COP 21 : le point sur les avancées

Marie-Pierre MaîtreMarie-Pierre Maître
Avocate-Associée-Gérante
CABINET HUGLO LEPAGE & ASSOCIES

Du 30 novembre au 11 décembre 2015, la France a accueilli et présidé la 21e Conférence des parties (COP 21) à la Convention-cadre des Nations unies sur les changements climatiques visant à aboutir à un nouvel accord international sur le climat à la fois universel, ambitieux, flexible, équilibré, durable et dynamique, qui soit applicable à tous les pays à partir de 2020.

Présidée par le Ministre français des Affaires étrangères et du Développement international, la COP 21 a débouché sur l’adoption, le 12 décembre 2015, de l’Accord de Paris sur le climat. Il s’agit d’un accord mixte puisque composé de décisions de la conférence des parties (COP) d’une part et d’un traité international d’autre part.

L’adoption de cet accord sur le climat constitue une véritable avancée. Contrairement au Protocole de Kyoto, il associe en effet pour la première fois pays industrialisés et pays en développement sous des engagements communs tout en reconnaissant les responsabilités différenciées de chacun.

La première partie de l’accord est composée de décisions de la COP réparties en six chapitres relatifs à : l’adoption de l’accord, les contributions des États (INDC), la mise en œuvre de l’accord, l’action renforcée avant 2020, les entités non parties et enfin les questions administratives et budgétaires.

Ces décisions ont été dissociées du traité pour plusieurs raisons : du fait de la volonté des États de leur donner moins d’importance juridique en raison de la sensibilité du sujet, du fait de la nature technique de ces décisions, mais aussi parce qu’elles portent sur une période d’engagement différente de celle du traité. Ces décisions sont d’effet immédiat mais elles n’ont qu’une valeur déclaratoire et non pas obligatoire dès lors que leur non-respect n’est pas juridiquement sanctionné. Toutefois, facilement invocables devant les juridictions nationales, elles sont susceptibles d’avoir un impact fort sur le comportement des États.
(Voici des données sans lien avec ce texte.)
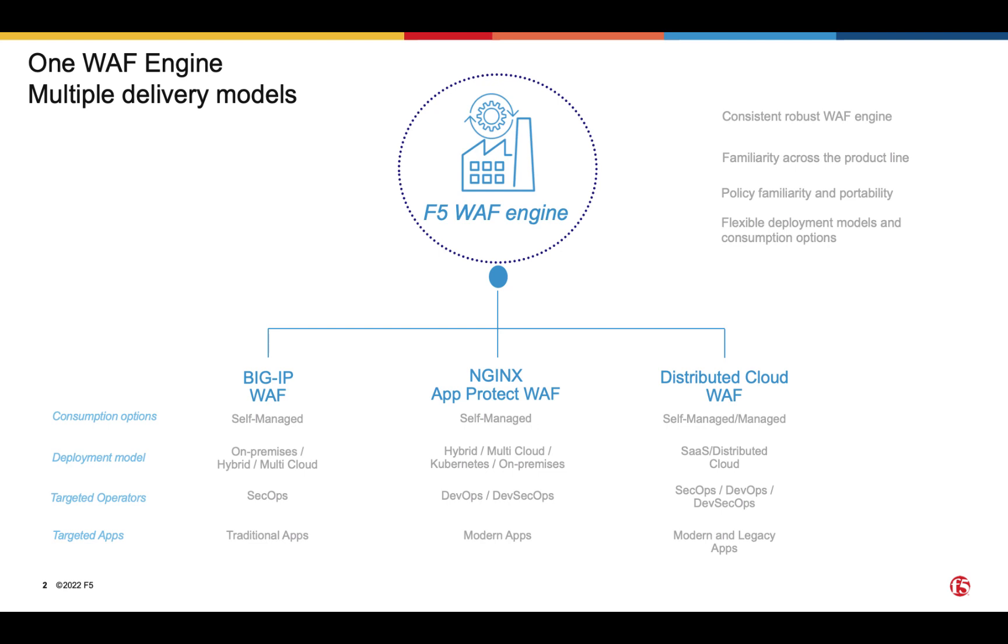Integrating Nginx App Protect WAP in CICD pipelines is a well-known use case and there are many demos out there showing how to do that, so I will only talk about it at a high level.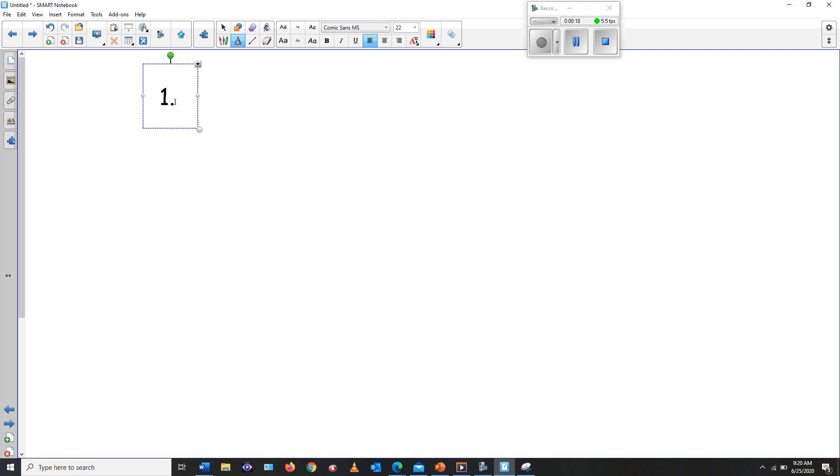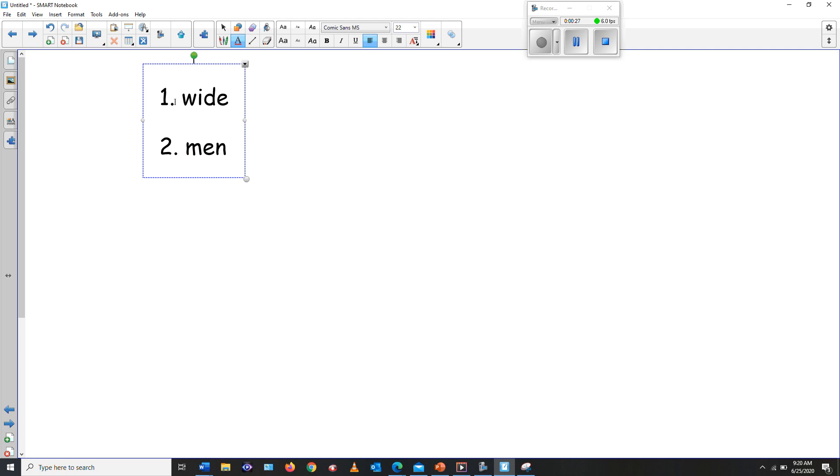Let's start. Number one, the word was wide. And number two, the word was mention.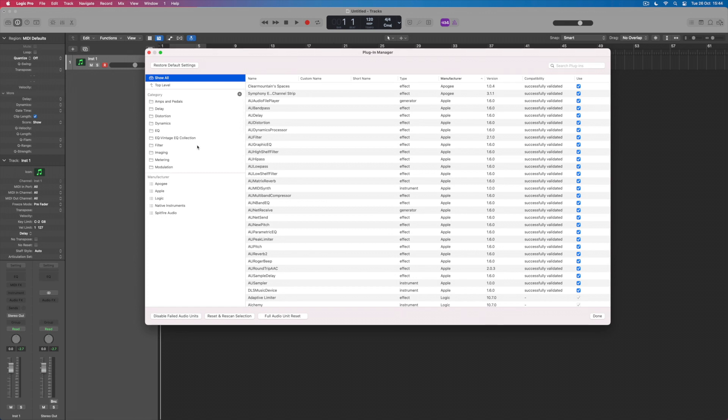When we come to add an effect we can go into the folders that are created within Logic so that we can access amps and pedals or the delay plugins or the distortions and so on. But even within Logic's own list of plugins it would be quite nice if I could make a folder of my own.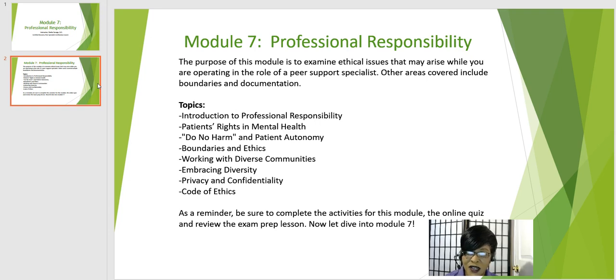Other areas covered include boundaries and documentation. Topics include patient's rights in mental health, do no harm and patient autonomy, and boundaries and ethics.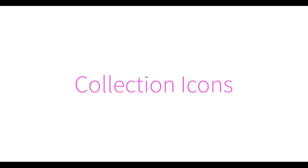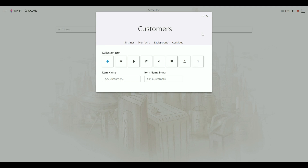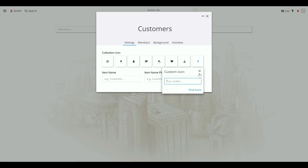Use Font Awesome icons to personalize your collections and make them stand out amongst the others. Open the Collection Settings and go to the Settings tab. Click on the question mark tile, then click Find Icons to be taken to the Font Awesome library.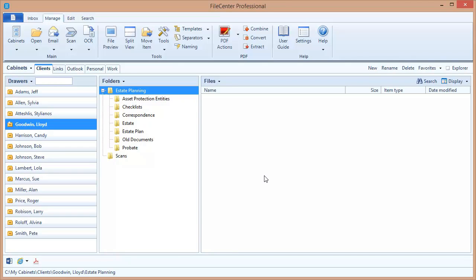Hello and welcome to the FileCenter video tutorial series. In this video we'll go over how to set up indexing, which is required if you want to be able to search your files.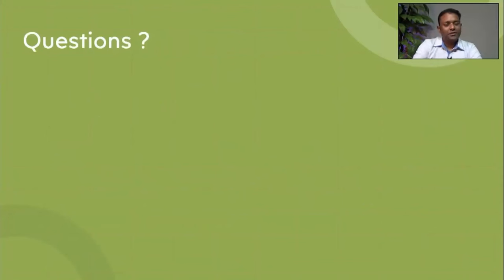That brings us to the end of the discussion, and I'll be happy to take any questions if you have them. Thank you so much, sir, for that wonderful and very precise lecture. It was a lot of information, but to the point.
La seconde partie de l’accord est constituée d’un traité international, figurant en annexe au document final et auquel aucune réserve ne peut être faite. Ouvert à la signature des États entre le 22 avril 2016 et le 21 avril 2017, le traité entrera ensuite en vigueur et aura force obligatoire trente jours après sa ratification par au moins 55 États représentant au moins 55% du volume total des émissions mondiales de gaz à effet de serre.

Cependant, ce texte n’aura pas de caractère juridiquement contraignant dans la mesure où aucune sanction ni aucune procédure d’exclusion n’ont été prévues. En outre, le traité prévoit une possibilité pour tout Etat partie de s’en retirer au moyen d’un mécanisme de dénonciation, similaire à celui prévu pour le Protocole de Kyoto. Néanmoins, en cas de mise en œuvre d’un tel mécanisme, l’État démissionnaire s’expose à une très forte pression politique.

Aux termes du préambule du traité, les 195 États parties reconnaissent la priorité fondamentale de protéger la sécurité alimentaire et d’éradiquer la faim, ainsi que les effets particulièrement néfastes des changements climatiques sur la production alimentaire. La notion de « justice climatique » et son importance dans l’action menée face aux changements climatiques y sont également reconnues.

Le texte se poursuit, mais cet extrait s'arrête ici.